═════ Dataset extract ═════

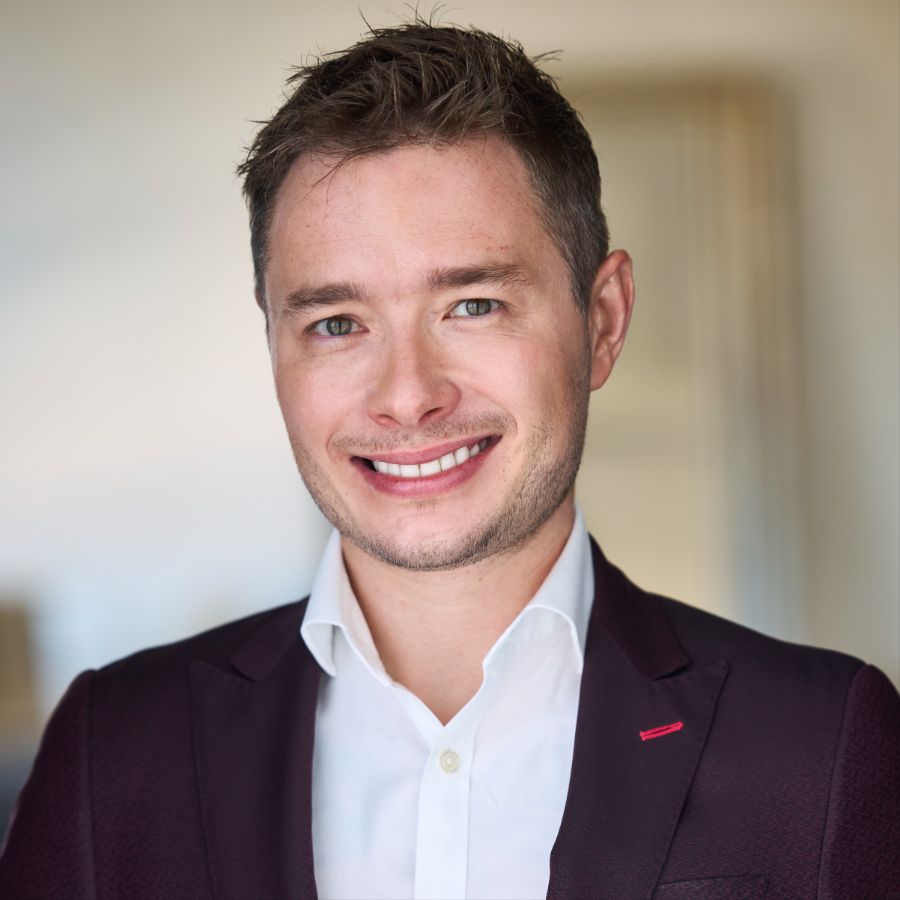 Julien Willard, MD MPH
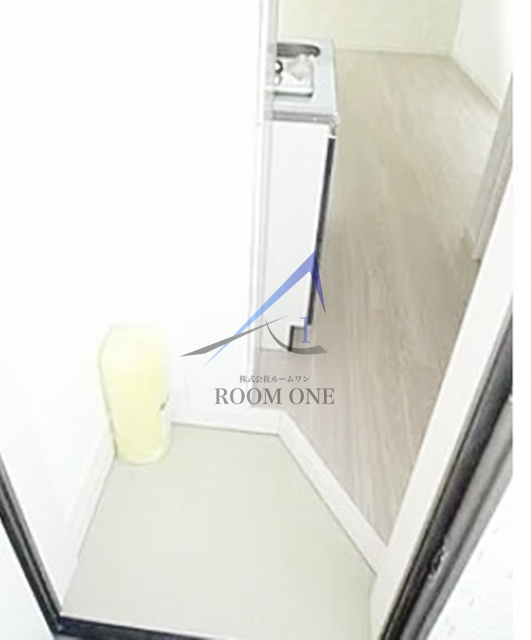 Ｄｅａｒ　Ｃｏｕｒｔ　池袋の玄関|玄関です。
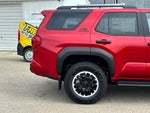 2026 Toyota 4Runner i-FORCE MAX Hybrid TRD Off Road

═════

Wherever the listing shows a picture, omit it and output the rest exactly as given.

 Julien Willard, MD MPH
 Ｄｅａｒ　Ｃｏｕｒｔ　池袋の玄関|玄関です。
 2026 Toyota 4Runner i-FORCE MAX Hybrid TRD Off Road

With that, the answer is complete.